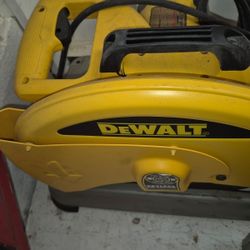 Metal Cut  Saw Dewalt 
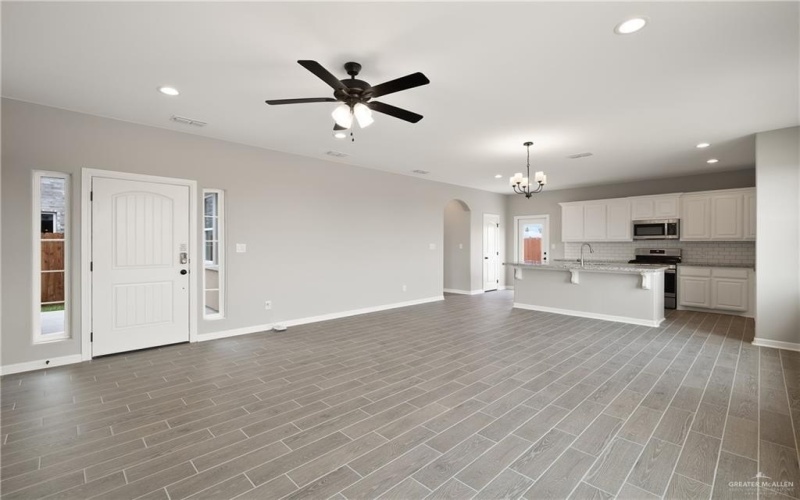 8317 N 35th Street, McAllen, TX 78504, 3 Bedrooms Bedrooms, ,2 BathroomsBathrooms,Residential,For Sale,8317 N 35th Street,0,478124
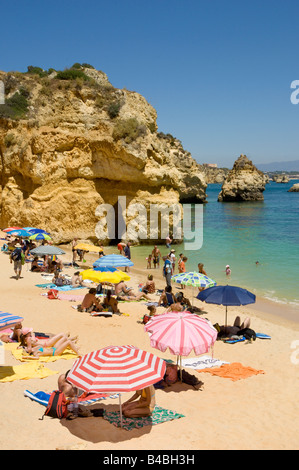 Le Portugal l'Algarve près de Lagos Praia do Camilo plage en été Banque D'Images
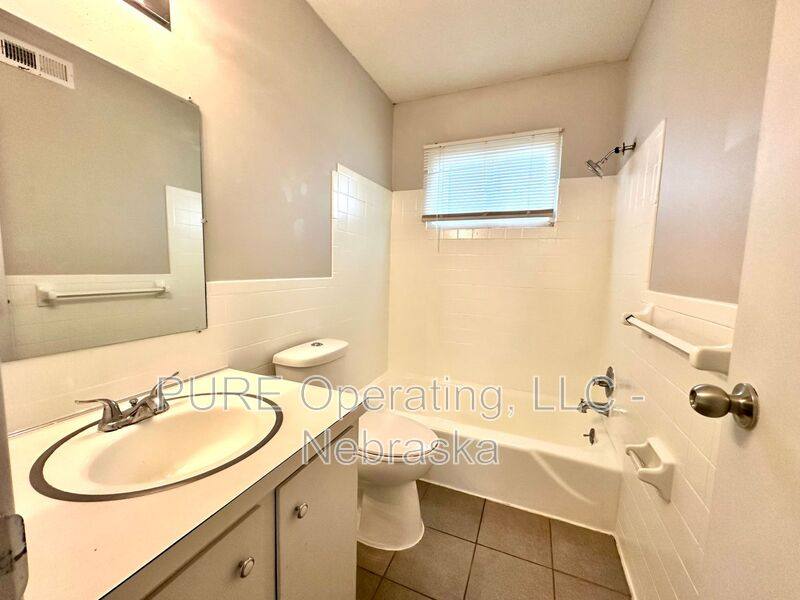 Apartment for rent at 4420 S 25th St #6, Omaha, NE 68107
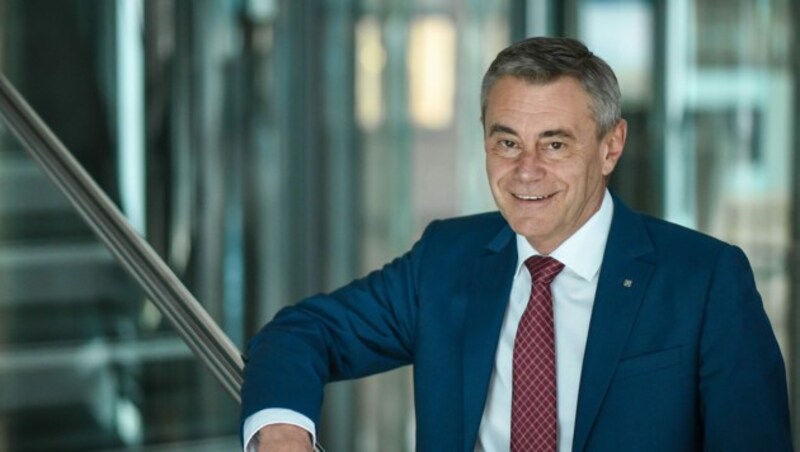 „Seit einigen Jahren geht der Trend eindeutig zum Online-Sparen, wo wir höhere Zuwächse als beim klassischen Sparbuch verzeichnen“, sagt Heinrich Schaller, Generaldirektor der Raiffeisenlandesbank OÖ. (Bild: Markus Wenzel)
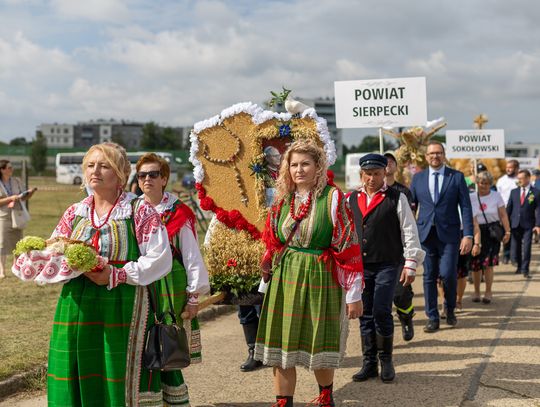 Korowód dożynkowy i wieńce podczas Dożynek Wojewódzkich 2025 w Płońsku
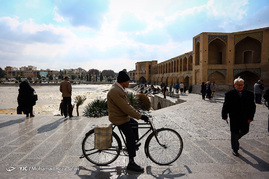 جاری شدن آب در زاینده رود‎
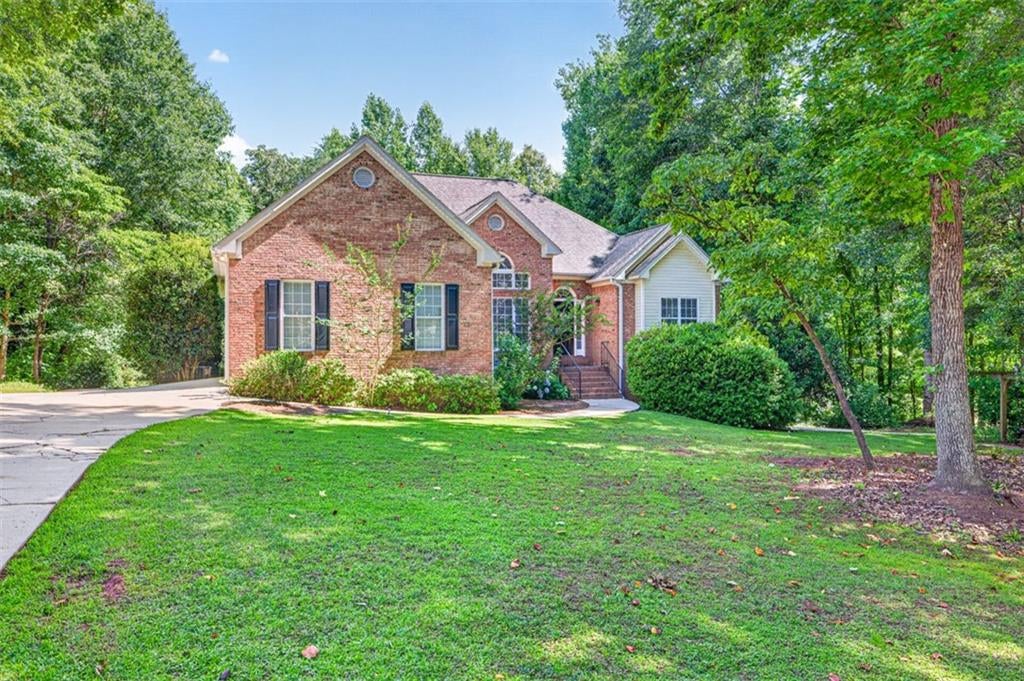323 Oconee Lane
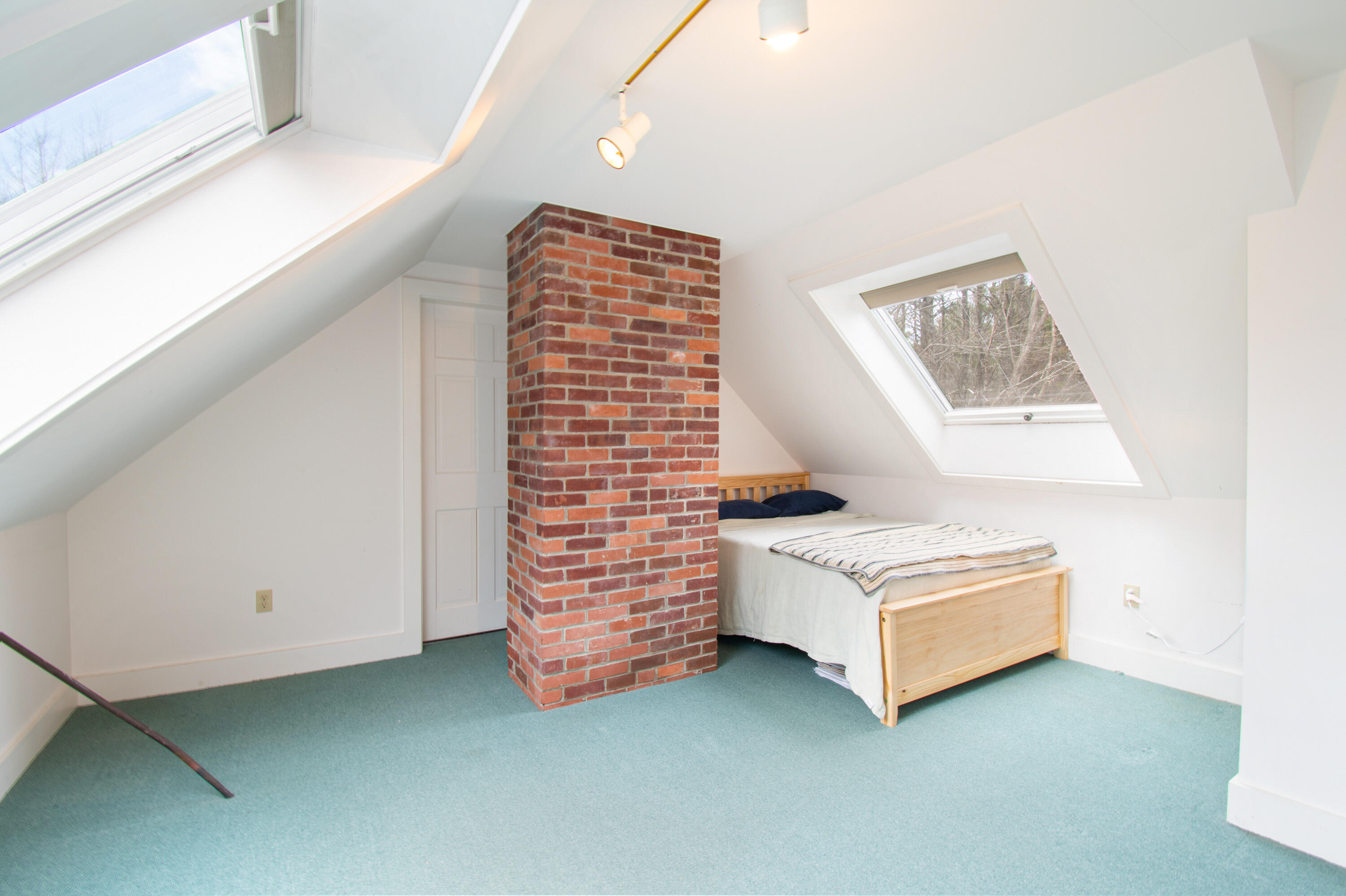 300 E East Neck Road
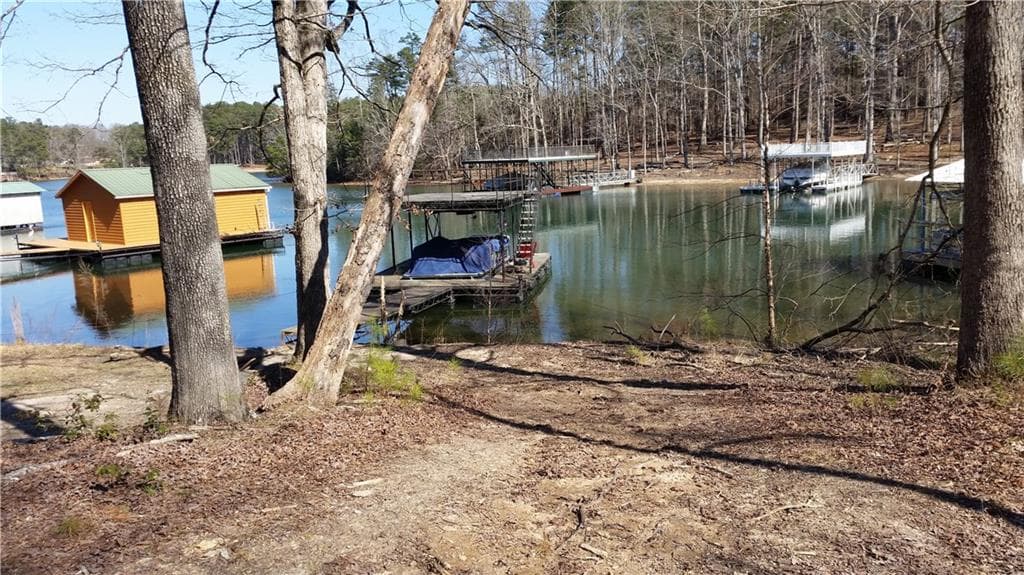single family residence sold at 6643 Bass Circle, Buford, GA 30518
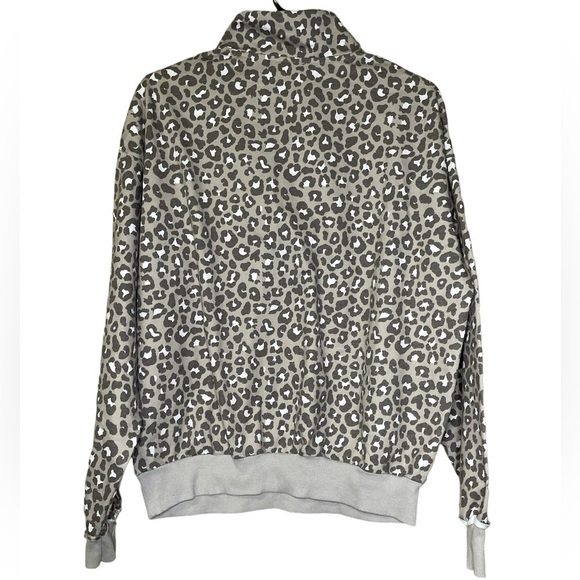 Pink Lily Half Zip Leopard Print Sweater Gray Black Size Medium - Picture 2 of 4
────────────────────
Produce the full material again verbatim, with the pictures dropped.

• **Your response**:
 Metal Cut  Saw Dewalt 
 8317 N 35th Street, McAllen, TX 78504, 3 Bedrooms Bedrooms, ,2 BathroomsBathrooms,Residential,For Sale,8317 N 35th Street,0,478124
 Le Portugal l'Algarve près de Lagos Praia do Camilo plage en été Banque D'Images
 Apartment for rent at 4420 S 25th St #6, Omaha, NE 68107
 „Seit einigen Jahren geht der Trend eindeutig zum Online-Sparen, wo wir höhere Zuwächse als beim klassischen Sparbuch verzeichnen“, sagt Heinrich Schaller, Generaldirektor der Raiffeisenlandesbank OÖ. (Bild: Markus Wenzel)
 Korowód dożynkowy i wieńce podczas Dożynek Wojewódzkich 2025 w Płońsku
 جاری شدن آب در زاینده رود‎
323 Oconee Lane
 300 E East Neck Road
single family residence sold at 6643 Bass Circle, Buford, GA 30518
 Pink Lily Half Zip Leopard Print Sweater Gray Black Size Medium - Picture 2 of 4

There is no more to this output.